My second thought — and I’m shifting gears here — is that if Walker is correct that fantasy baseball has made real baseball more competitive, then surely it follows that fantasy baseball itself has become more competitive too. In 1998, Ron Shandler was able to crush the AL Tout Wars league by employing something called the LIMA Plan, which assigned only a small fraction of his budget to pitching, but made up the difference by focusing on unheralded pitchers with good strikeout, walk, and home run numbers. It was Voros McCracken before any of us had heard of Voros McCracken.

The problem is that something like the LIMA Plan has been too successful for its own good. Any reasonably competent projection system now understands the importance of leading indicators like walk rate and strikeout rate, and the unpredictability of a category like wins. Thus, the pitchers that Shandler might have been able to grab for $1 a few years ago are now going for $10, and Jeremy Bonderman (14 wins and a 4.08 ERA in 2006), is going for nearly twice as much as Chien-Ming Wang (19 wins and a 3.63 ERA, but vastly inferior peripherals).

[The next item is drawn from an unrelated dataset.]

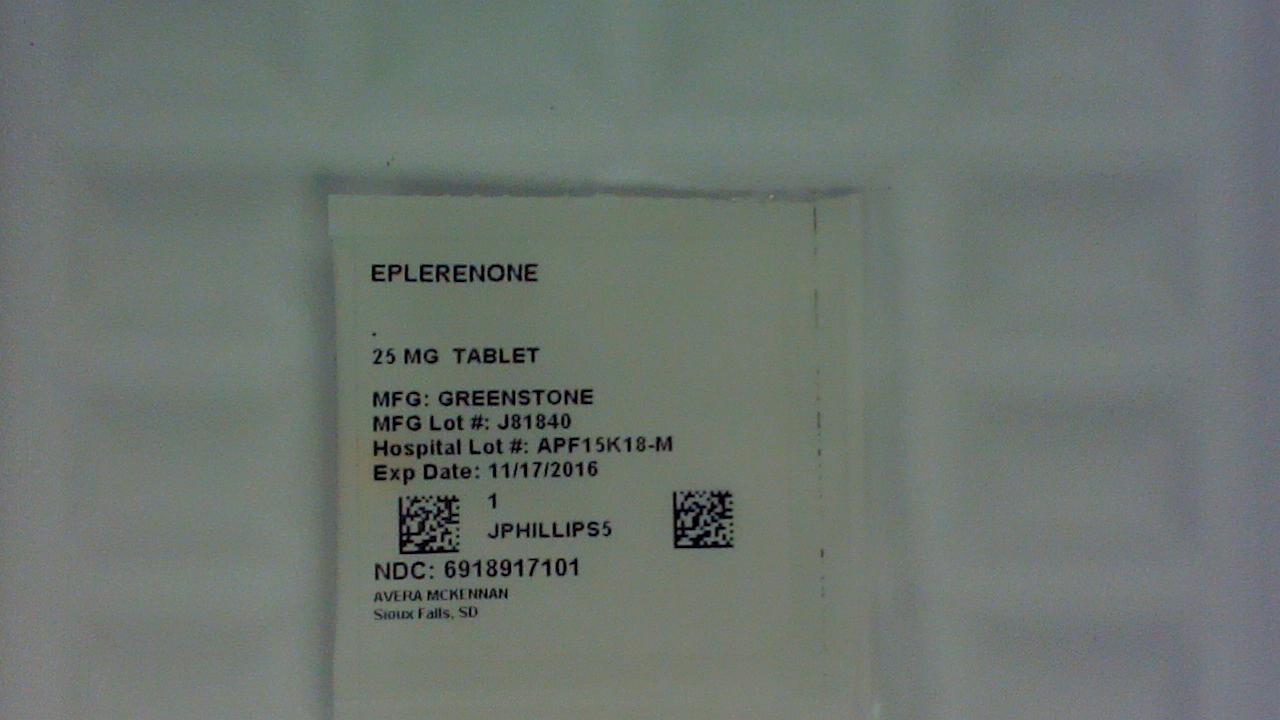 Eplerenone 25 mg tablet label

In fact, I feel comfortable saying the following. In any reasonably competitive fantasy league, there is no gimmicky plan that will make you more likely to win your league than playing it straight based on good, old-fashioned projections, valuations, and intuitions:

  • Project the players’ underlying statistics properly based on taking into account as much information as possible, and knowing how to filter good information from bad.
  • Value these projections appropriately based on the rules, settings and behavior of your particular league.
  • Use your Intuition as a sanity check and to break any ties that might arise.

That gives us a V as in volcano, an I as in iguana, and a P as in Prospectus. Call it the V-I-P Plan if you like.